Kudzu, Pueraria montana, is a climbing, semi-woody, perennial vine in the pea family. Kudzu is common throughout most of the southeastern United States and has been found as far north as Pennsylvania. The name comes from Japanese kazu (葛), meaning vine.

Kudzu vines can make walking across the land nearly impossible, as it takes over all horizontal and vertical surfaces, both natural and manmade. Its dense vegetation obstructs all views and movement into the area. It kills or degrades other plants by smothering them under a solid blanket of leaves, by girdling woody stems and tree trunks, and by breaking branches or uprooting entire trees and shrubs through the sheer force of its weight.

Description

Deciduous leaves are alternate and compound, with three broad leaflets up to four inches (10 cm) across. Leaflets may be entire or deeply 2-3 lobed with hairy margins. Leaflets are entire or coarsely and palmately lobed, up to eight inches long, pubescent underneath.


Flowering kudzu
Larger image

Individual flowers, about ½-inch (1 cm) long, are purple, highly fragrant, tufted at nodes at the rachis, and borne in long hanging clusters (see image). The flowers are copious nectar producers and are visited by many species of bees, butterflies and skippers. Flowering occurs in late summer and is soon followed by production of brown, hairy, flattened, seed pods, each of which contains three to ten hard seeds.

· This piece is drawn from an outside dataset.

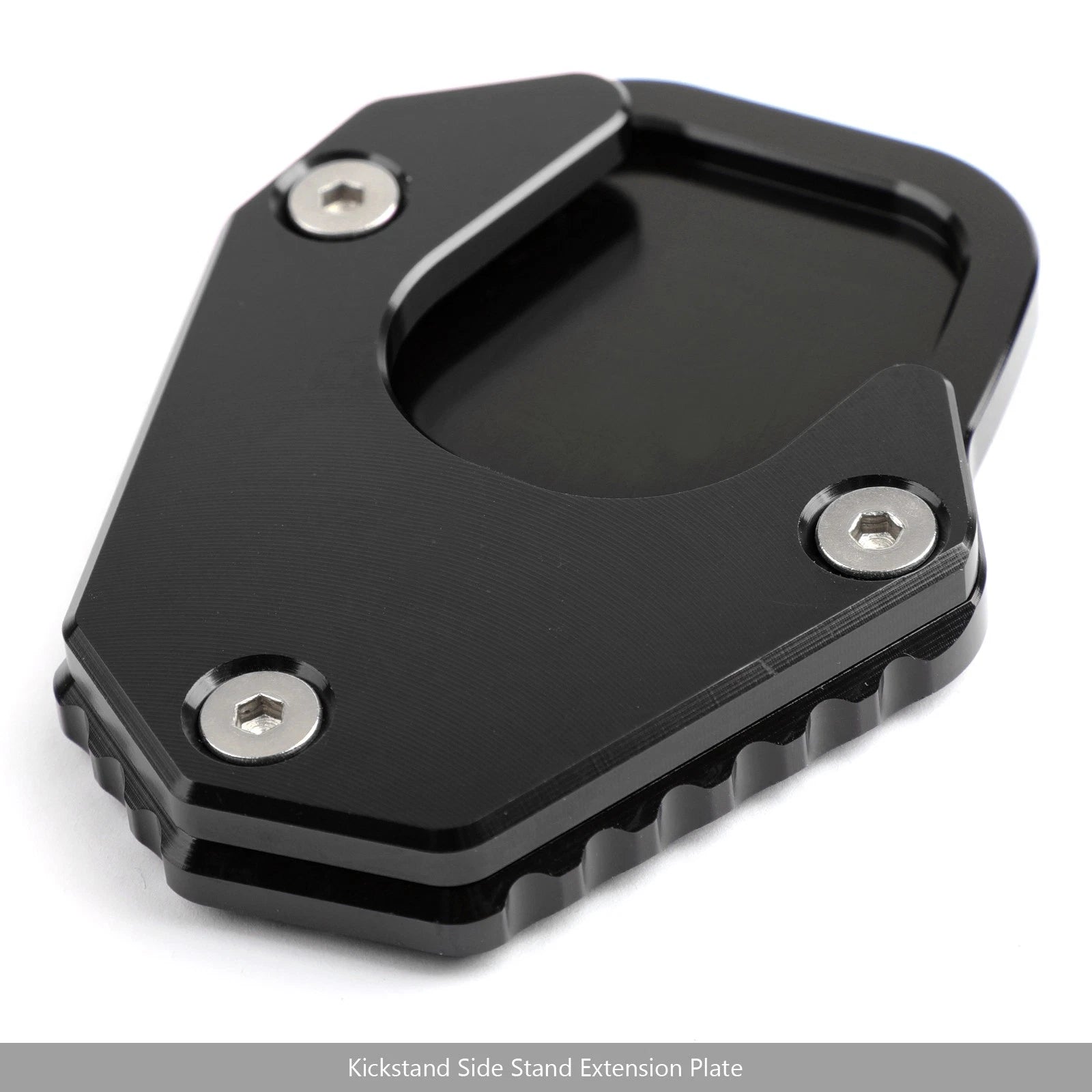 1X Kickstand Sidestand Extension Pad for Honda CRF250 Rally (2017–2018) Black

Every part of the plant is edible. The young leaves can be used for salad or cooked as greens; the flowers battered and fried (like squash blossoms); and the starchy roots can be prepared as any root vegetable.

Once established, kudzu plants grow rapidly, extending as much as 60 feet (more than 18 m) per season at a rate of about one foot (30 cm) per day. This vigorous vine may extend 32-100 feet (9.5-30 m) in length, with stems one-half to four inches (1-10 cm) in diameter. Kudzu roots are fleshy, with massive tap roots seven inches (18 cm) or more in diameter, six feet (180 cm) or more in length, and weighing as much as 400 pounds (180 kg). As many as thirty vines may grow from a single root crown.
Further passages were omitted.